Non-invasive imaging with cardiac CT allows EAT characterization by measurement of the mean x-ray attenuation in Hounsfield units (HU) [5]. A lower EAT attenuation has been associated with structural [6] and electrical LA remodeling [7] and AF recurrence [8]. A lower EAT attenuation in CT may be explained by EAT adipocyte hypertrophy with larger lipid droplets, reflecting an unfavorable metabolic EAT activity [5]. This is fostered by ex vivo histology analysis showing a positive association of EAT adipocyte diameter with the degree of EAT fibrotic remodeling and body mass index (BMI) in AF patients [9]. Conversely, some other studies found a higher EAT attenuation in patients with AF recurrence when measured on contrast-enhanced cardiac CT scans, as an indicator of EAT inflammation [10]. All those observations may be explained by an increasing LA EAT heterogeneity with co-existence of EAT adipocyte hypertrophy, inflammation, and fibrosis. In addition, the measured CT EAT attenuation values are dependent on patient ethnicity, sex, and BMI [11], as well as different threshold values used for EAT segmentation, with lower threshold values ranging between − 195 and − 190 HU and upper threshold values ranging between − 45 and − 15 HU [10, 12, 13].
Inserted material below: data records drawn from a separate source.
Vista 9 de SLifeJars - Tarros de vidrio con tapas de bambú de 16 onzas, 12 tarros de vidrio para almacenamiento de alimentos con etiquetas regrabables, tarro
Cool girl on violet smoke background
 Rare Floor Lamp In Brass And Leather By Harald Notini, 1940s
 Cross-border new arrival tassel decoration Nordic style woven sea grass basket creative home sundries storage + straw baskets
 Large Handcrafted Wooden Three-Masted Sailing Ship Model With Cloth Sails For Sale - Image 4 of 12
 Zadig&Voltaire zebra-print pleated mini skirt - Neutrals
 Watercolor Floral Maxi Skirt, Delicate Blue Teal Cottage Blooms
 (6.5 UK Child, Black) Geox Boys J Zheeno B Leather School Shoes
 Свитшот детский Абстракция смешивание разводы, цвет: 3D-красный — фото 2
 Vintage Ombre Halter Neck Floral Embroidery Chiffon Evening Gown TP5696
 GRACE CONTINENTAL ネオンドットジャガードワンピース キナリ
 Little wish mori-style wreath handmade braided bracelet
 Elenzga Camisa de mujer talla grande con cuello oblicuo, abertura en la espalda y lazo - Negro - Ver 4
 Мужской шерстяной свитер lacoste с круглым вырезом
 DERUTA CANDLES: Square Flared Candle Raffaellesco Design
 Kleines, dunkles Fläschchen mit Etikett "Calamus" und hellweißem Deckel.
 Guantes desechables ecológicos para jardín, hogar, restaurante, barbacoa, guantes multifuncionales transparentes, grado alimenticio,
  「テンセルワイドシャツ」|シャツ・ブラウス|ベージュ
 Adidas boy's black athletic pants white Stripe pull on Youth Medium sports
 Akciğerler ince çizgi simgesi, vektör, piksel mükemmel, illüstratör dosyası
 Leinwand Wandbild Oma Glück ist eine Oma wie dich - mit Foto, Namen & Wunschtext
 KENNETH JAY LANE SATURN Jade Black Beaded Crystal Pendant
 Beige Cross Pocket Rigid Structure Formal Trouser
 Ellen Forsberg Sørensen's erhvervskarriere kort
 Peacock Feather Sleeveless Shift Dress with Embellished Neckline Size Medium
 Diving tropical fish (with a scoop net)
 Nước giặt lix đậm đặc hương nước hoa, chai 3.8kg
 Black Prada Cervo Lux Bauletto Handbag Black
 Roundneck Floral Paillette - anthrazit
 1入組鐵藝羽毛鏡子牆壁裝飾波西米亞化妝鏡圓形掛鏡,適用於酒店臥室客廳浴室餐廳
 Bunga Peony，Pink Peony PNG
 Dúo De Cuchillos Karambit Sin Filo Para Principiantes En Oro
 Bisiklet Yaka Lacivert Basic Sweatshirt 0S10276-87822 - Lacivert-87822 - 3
Based on previously published threshold values, a low threshold EAT compartment may be segmented between − 45 and − 195 HU [10, 12]. However, based on other investigations, a higher threshold of − 15 HU may be appropriate, especially when investigating contrast-enhanced CT scans [13, 14]. Instead of calculating mean EAT attenuation in the total EAT compartment, EAT attenuation may be calculated separately in two adjacent high (− 15 to − 45 HU) and low (− 45 to − 195 HU) threshold EAT compartments. EAT dispersion may then be calculated as the difference of attenuation between the high and low threshold EAT and represents a potential non-invasive imaging surrogate of EAT heterogeneity. We hypothesized that a larger EAT dispersion reflects co-existing adipocyte hypertrophy, inflammation, and fibrosis during EAT remodeling and is associated with an adverse outcome in AF patients. The aim of this study was to investigate the association of LA EAT dispersion with AF phenotype and with AF recurrence after pulmonary vein isolation (PVI).

Methods

Study population

This was a secondary analysis of prospectively collected data [14]. Consecutive patients undergoing a first AF ablation by means of pulmonary vein isolation (PVI) with a pre-procedural CT scan at the Inselspital, Bern University Hospital, Bern, Switzerland, were prospectively enrolled into an institutional registry. The registry was approved by the Bern cantonal ethics committee and the study was carried out in accordance with the principles of the Declaration of Helsinki. The authors had full access to and take full responsibility for the integrity of the data.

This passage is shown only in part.